Segment Open

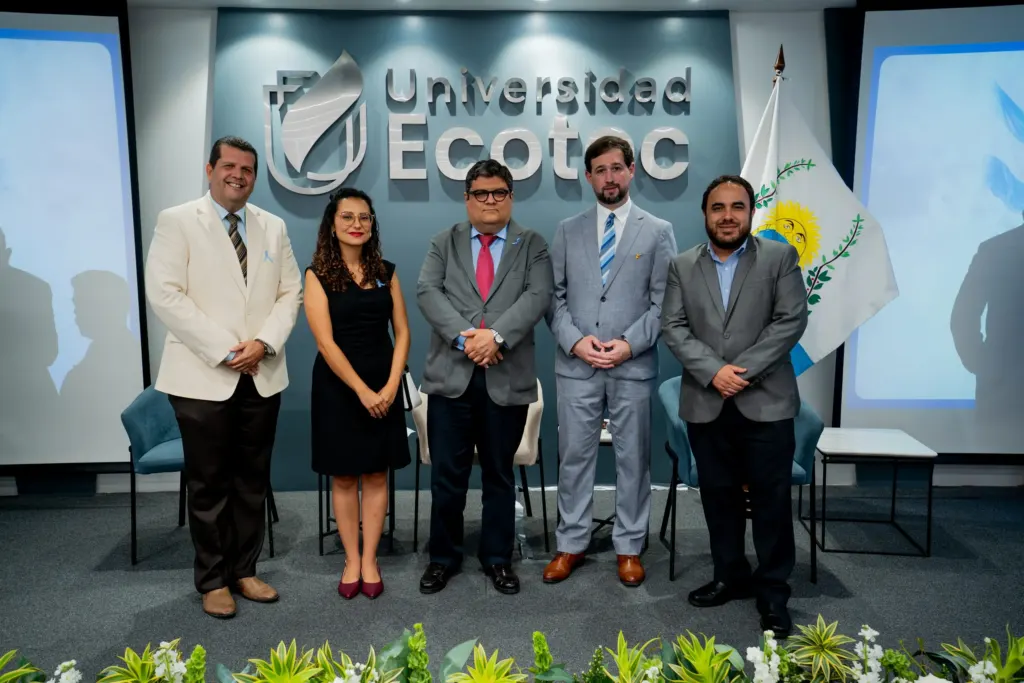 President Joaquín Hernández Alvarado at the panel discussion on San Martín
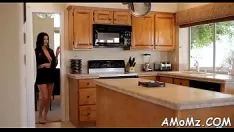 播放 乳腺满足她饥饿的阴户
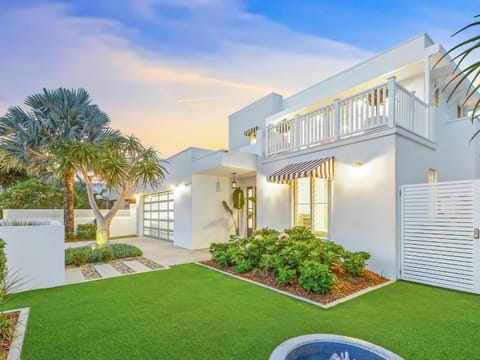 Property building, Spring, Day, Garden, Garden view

Segment Closed
Segment Open

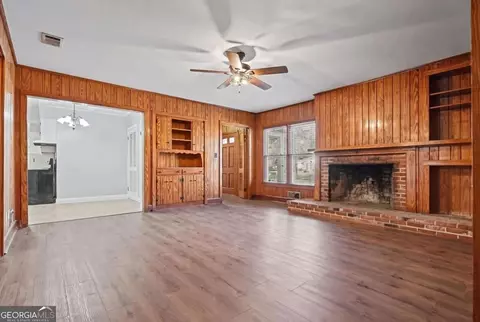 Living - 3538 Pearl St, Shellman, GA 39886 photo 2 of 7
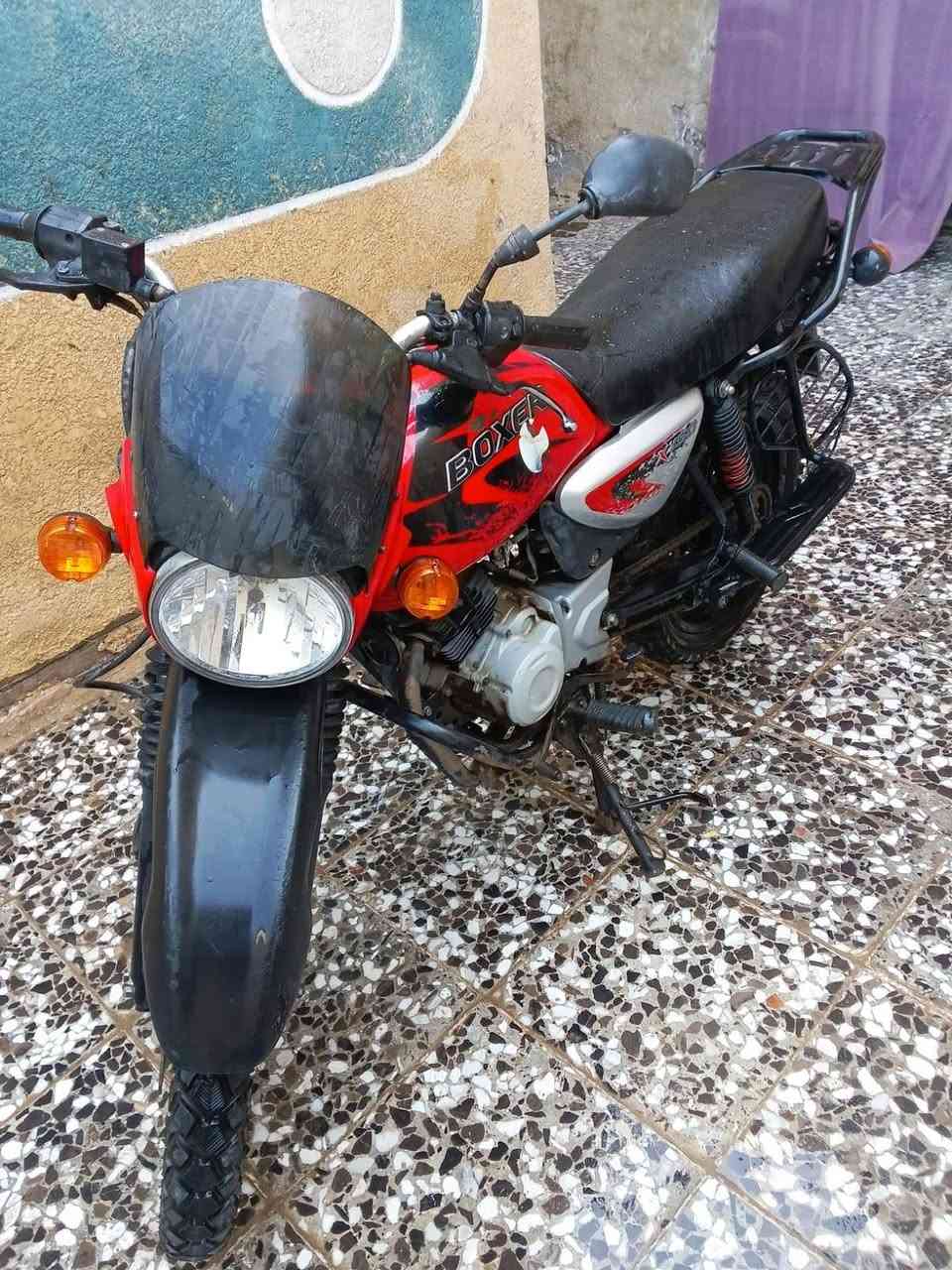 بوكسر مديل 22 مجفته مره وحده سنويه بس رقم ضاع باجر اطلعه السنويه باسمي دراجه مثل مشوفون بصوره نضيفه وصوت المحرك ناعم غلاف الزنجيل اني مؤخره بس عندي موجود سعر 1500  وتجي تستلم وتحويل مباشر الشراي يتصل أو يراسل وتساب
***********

Segment Closed
Segment Open

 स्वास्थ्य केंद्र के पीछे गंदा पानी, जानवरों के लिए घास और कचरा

Segment Closed

Write back word for word every line in the entries above from the one with "播放 乳腺满足她饥饿的阴户" to the one with "Property building, Spring, Day, Garden, Garden", ends included, and none of the pictures.

Written reply
 播放 乳腺满足她饥饿的阴户
 Property building, Spring, Day, Garden, Garden view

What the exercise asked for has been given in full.